Data excerpts Block Start

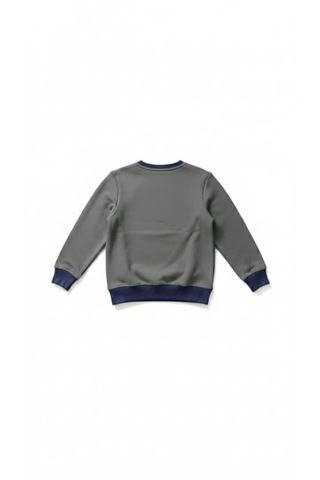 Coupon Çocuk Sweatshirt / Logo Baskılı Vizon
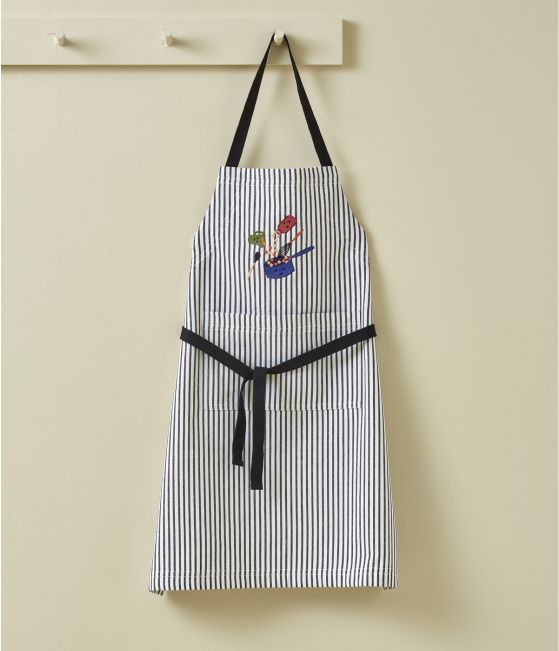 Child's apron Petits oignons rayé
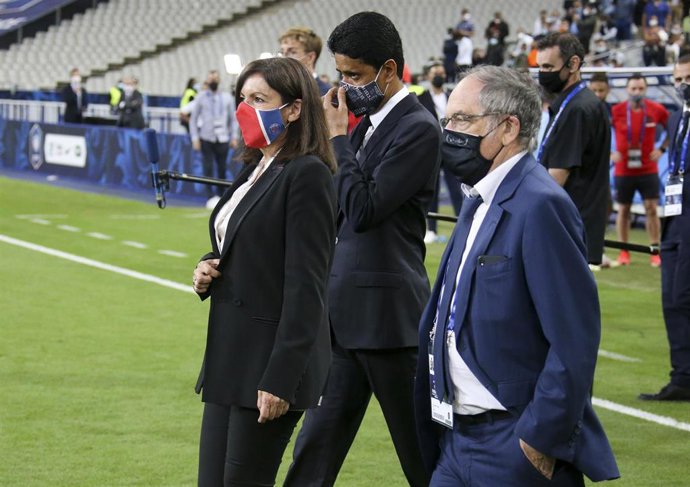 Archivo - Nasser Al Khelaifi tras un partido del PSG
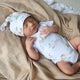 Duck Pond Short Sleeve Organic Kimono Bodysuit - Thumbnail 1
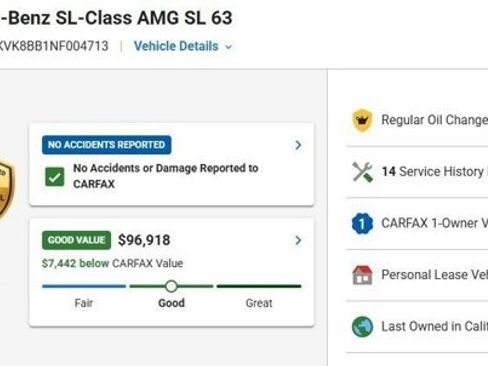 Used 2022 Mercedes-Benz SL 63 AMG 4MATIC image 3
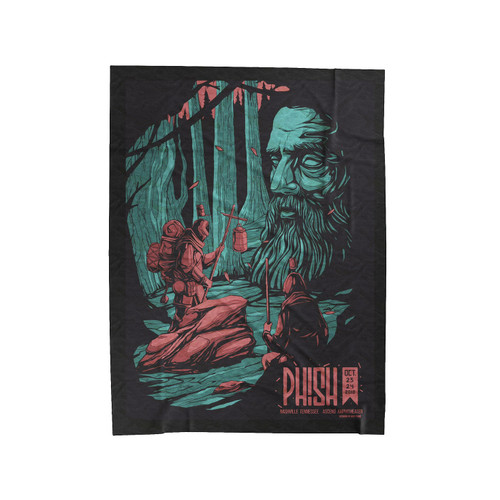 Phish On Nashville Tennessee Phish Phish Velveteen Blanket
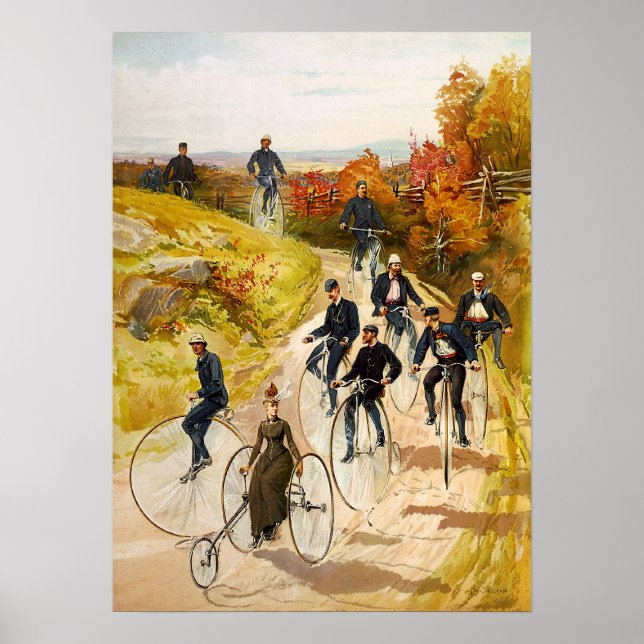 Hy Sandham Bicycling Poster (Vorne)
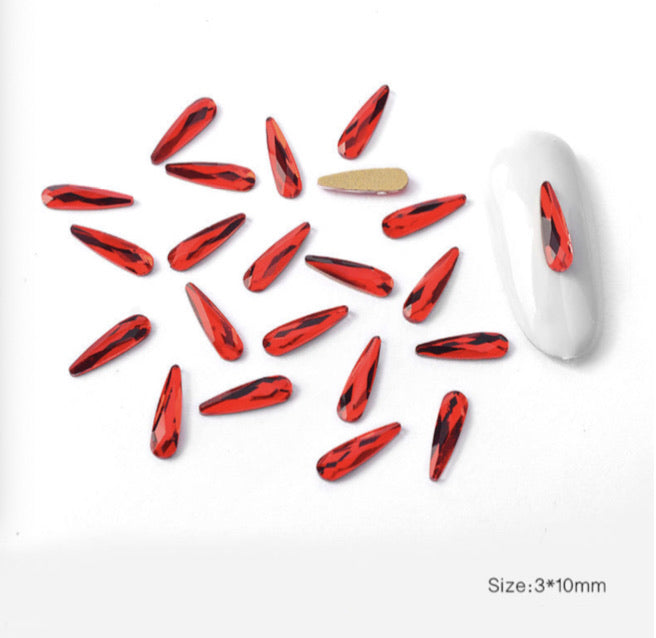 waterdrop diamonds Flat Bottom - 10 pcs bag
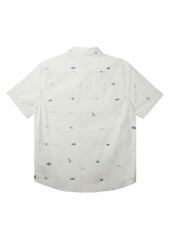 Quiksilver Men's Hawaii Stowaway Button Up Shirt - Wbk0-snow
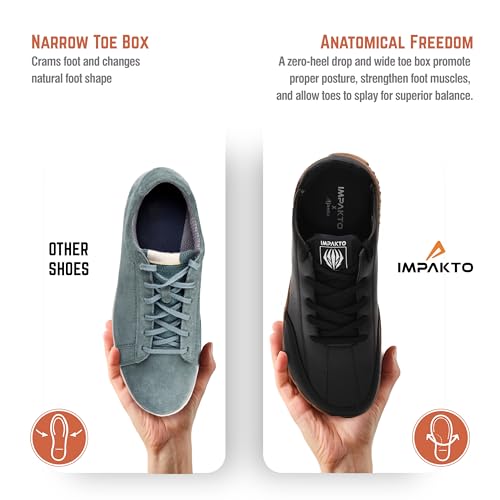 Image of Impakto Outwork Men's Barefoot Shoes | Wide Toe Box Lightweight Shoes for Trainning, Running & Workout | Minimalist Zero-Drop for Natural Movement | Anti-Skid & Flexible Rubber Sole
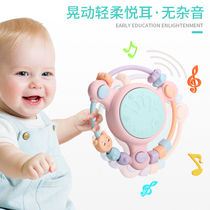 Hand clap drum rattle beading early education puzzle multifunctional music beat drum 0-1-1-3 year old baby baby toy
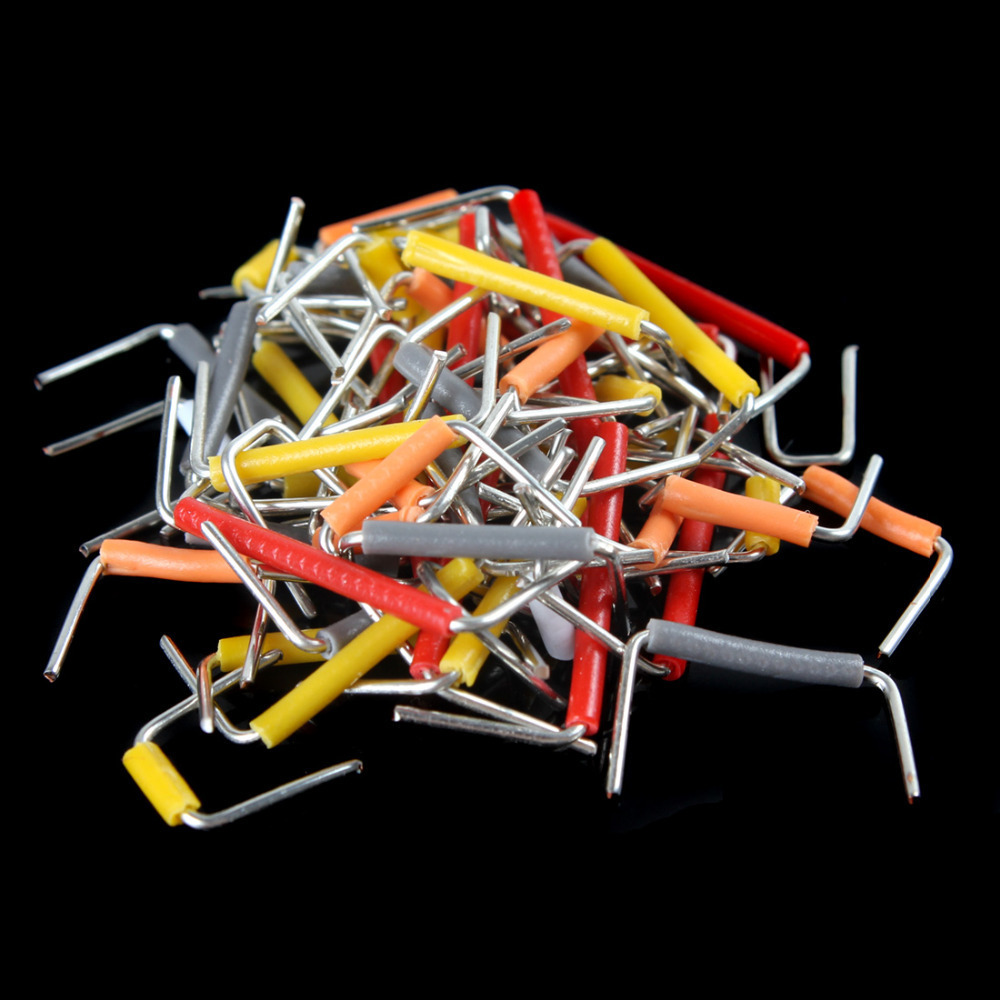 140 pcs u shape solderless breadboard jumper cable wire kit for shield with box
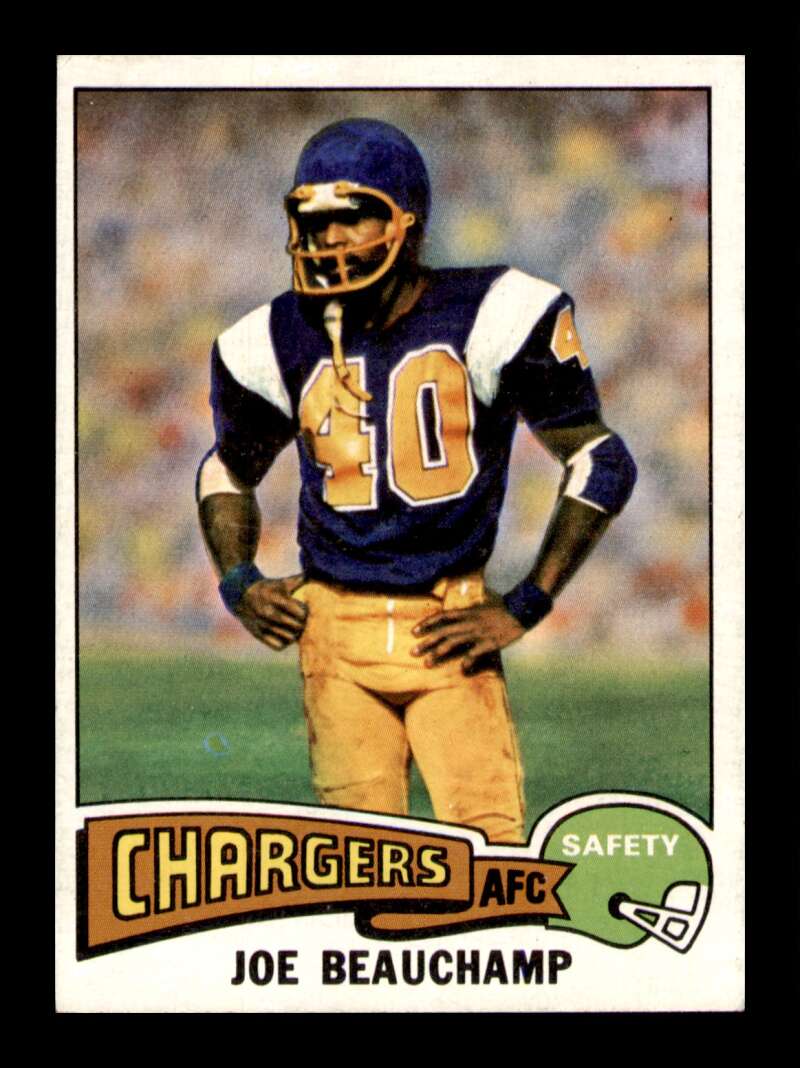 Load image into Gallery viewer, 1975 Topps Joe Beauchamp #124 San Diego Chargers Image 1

Data excerpts Block End

◆ Assigned task ◆
Where a picture appears, skip it and copy the rest of the data word for word.

◆ Finished exercise ◆
 Coupon Çocuk Sweatshirt / Logo Baskılı Vizon
 Child's apron Petits oignons rayé
 Archivo - Nasser Al Khelaifi tras un partido del PSG
 Duck Pond Short Sleeve Organic Kimono Bodysuit - Thumbnail 1
 Used 2022 Mercedes-Benz SL 63 AMG 4MATIC image 3
 Phish On Nashville Tennessee Phish Phish Velveteen Blanket
 Hy Sandham Bicycling Poster (Vorne)
 waterdrop diamonds Flat Bottom - 10 pcs bag
 Quiksilver Men's Hawaii Stowaway Button Up Shirt - Wbk0-snow
 Image of Impakto Outwork Men's Barefoot Shoes | Wide Toe Box Lightweight Shoes for Trainning, Running & Workout | Minimalist Zero-Drop for Natural Movement | Anti-Skid & Flexible Rubber Sole
 Hand clap drum rattle beading early education puzzle multifunctional music beat drum 0-1-1-3 year old baby baby toy
 140 pcs u shape solderless breadboard jumper cable wire kit for shield with box
 Load image into Gallery viewer, 1975 Topps Joe Beauchamp #124 San Diego Chargers Image 1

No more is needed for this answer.